Estimates of C accumulation associated with juniper encroachment have varied greatly from -0.11 to 0.22 MgC/ha/yr due to the methods and scale of analysis. Previous optical and multispectral remote-sensing approaches provide only a 2-dimensional measurement of juniper cover change. To improve estimates of aboveground woody C storage, we test a new technique using high-resolution, 3-dimensional lidar measurements of individual juniper trees. In this study, we test an object-based tree crown delineation approach, with segmentation followed by local-maxima to detect individual tree crowns, and compute the metrics from the lidar points within each tree crown area. This approach of computing metrics directly from the lidar point cloud, rather than from an interpolated raster surface, is expected to improve lidar-based tree biomass estimation.
Field-measured tree age data indicate that the western juniper communities in the study area of South Mountain watershed in southwestern Idaho are characteristic of post-settlement expansion communities. Our results indicate that lidar-derived measurements produced accurate estimates of juniper tree height, canopy cover, and density.
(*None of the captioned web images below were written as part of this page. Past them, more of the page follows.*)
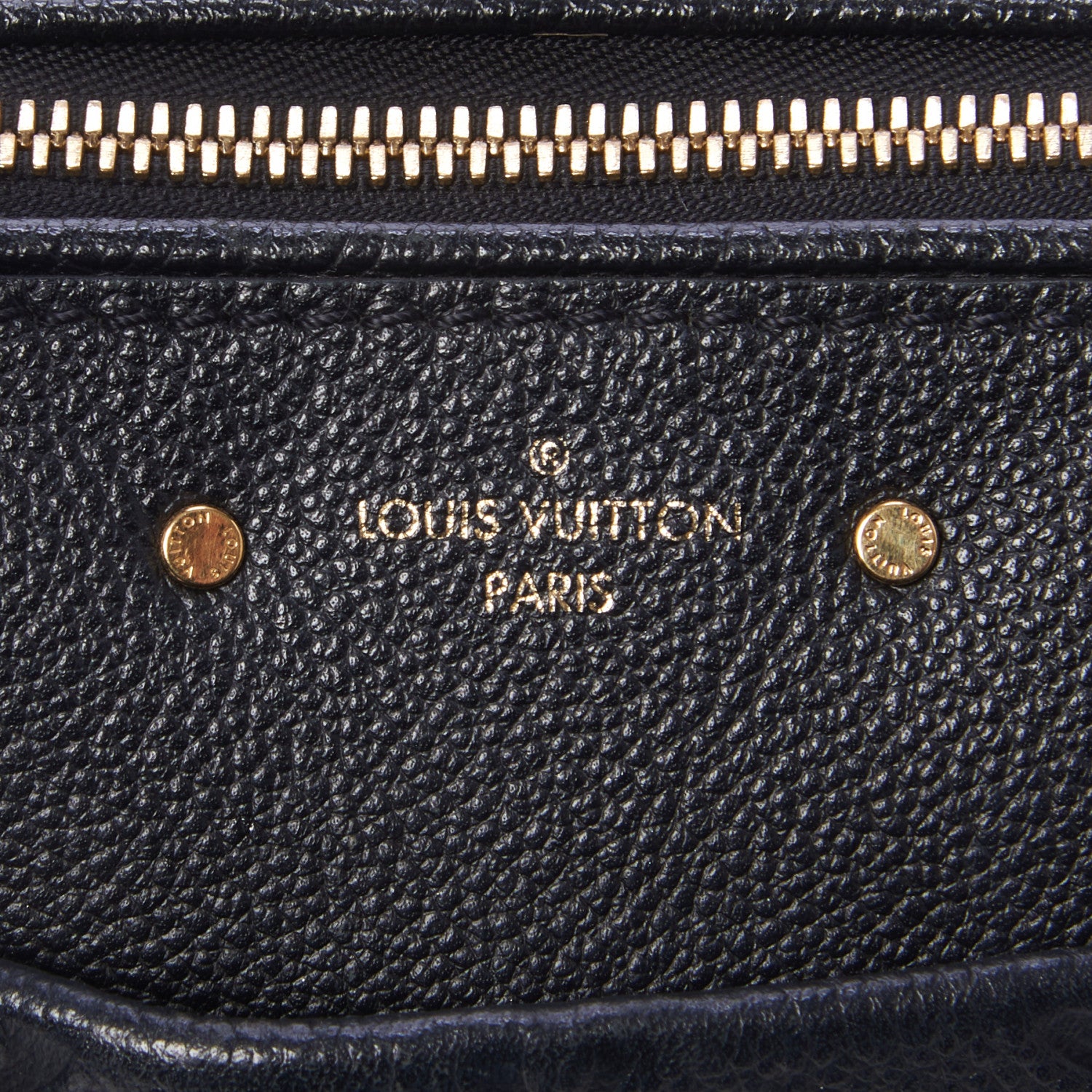 Louis Vuitton Empreinte Speedy Bandouliere 25 NM Black 8 of 9
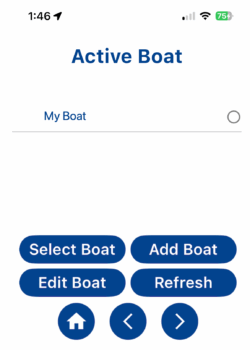 Quickstart Active Boat List Quickstart Active Boat List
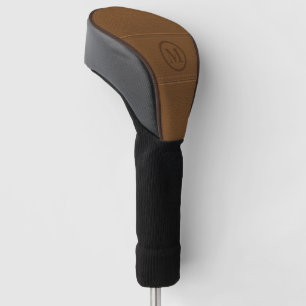 Braunlederabdruck, kundenspezifisch golf headcover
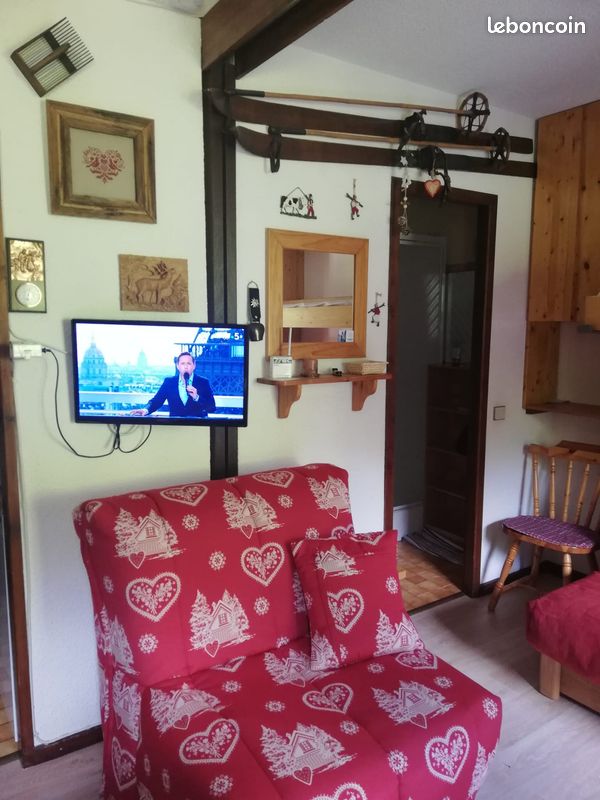 STUDIO au bord des pistes - 4 pers - SAINT GERVAIS (image 5)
Furthermore, individual tree and landscape-scale biomass can be quantified with lidar, which greatly extends the ability to accurately classify successional stages of juniper encroachment relative to previous 2-dimensional remote sensing procedures. Our results indicate that above-ground storage of C is enhanced during the transition from phase I to phase III of successional stages of juniper encroachment; phase III can store almost three times the aboveground C as encroachment phase I.